I was very naive in my early twenties.  If I knew then what I know now I could have saved myself a lot of pain.  I chose to marry knowing this was a problem.  I thought I could "fix" it.  I tried and I failed.  I can remember crying out to God one night towards the end, "If he wants a divorce, please let him just tell me."  The next day, without any emotion, he did.  God saw my twelve year struggle.  He saw all of  the pain and heartache I endured because of pornography and infidelity.  He saw how alone I was in that marriage.  He saw a better future for me.   And a better future is what He gave to me.

Now that the boys are getting older, it is our mission to educate and protect them on this subject.  It's our mission to model what it looks like for a husband to love and respect his wife.  Adam makes it a priority to show the boys how to respect me and love me the way that Christ loves the church.  The boys have such an amazing role model.  Our goal is to educate the boys on the impact porn has on women.  I do not want them to fall into the trap of thinking this is no big deal.  I do not want them to put their wives through what I had to endure.  I want better for my children.  I want one of my contributions to the Kingdom of God to be the boys I raise.  My prayer is that God will protect them.  That God will blind their eyes to this.  That God will guard their hearts.  That God will give them the boldness to stand up and go against what other boys are doing.  My prayer is that they will be the voice for their generation.  That they will stand up to any boy that is disrespecting a girl.  That kids will look up to them for their strength, morals and values.  That they understand how porn can destroy their lives and the lives of the ones they love.

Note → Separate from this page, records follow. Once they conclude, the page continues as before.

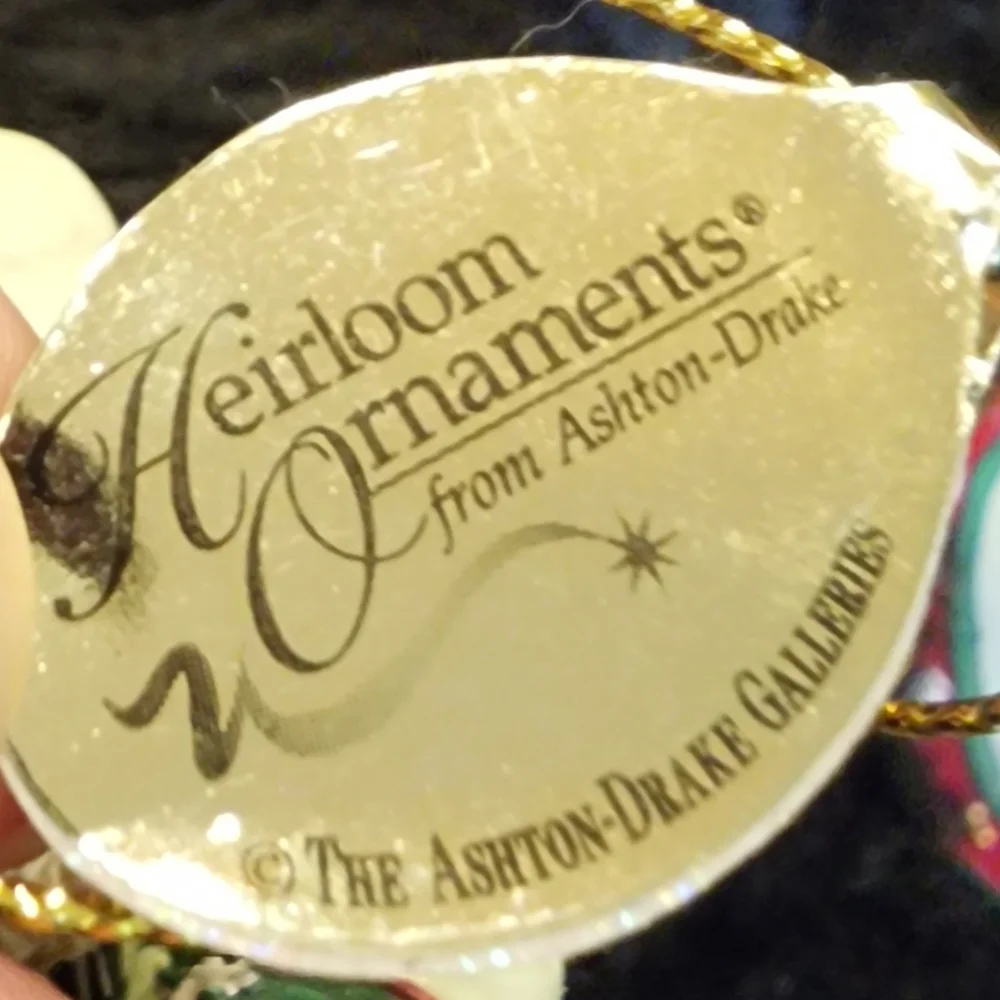 Set of 2 Thomas Kinkade Old World Santa Ornaments by Heirloom Ornaments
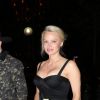 Exclusif - Pamela Anderson se rend au restaurant Manko avec un ami à Paris le 29 mars 2017.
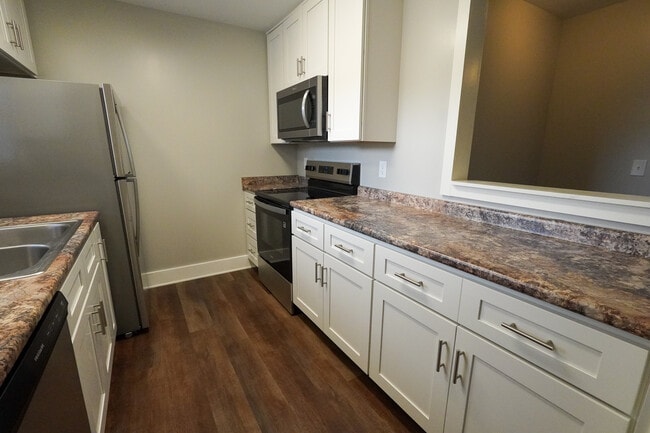 Mossy Creek Apartments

The road I walked down to get me to where I am today was long and hard.  Even after all these years, I still have emotional scars that need to be addressed.  I am extremely thankful to God for giving me Adam to walk hand in hand the rest of the journey with.  To give me strength when an emotional scar presents itself.  To encourage me.  To love and respect me the way I deserve.  Today, I'm saying goodbye to it all.  This blog will bring me healing.  It will allow me to set this pain free.  To set these horrible memories free.  They are no longer a burden I'm willing to carry.


After your season of suffering, God in all His grace will restore, confirm, strengthen and establish you.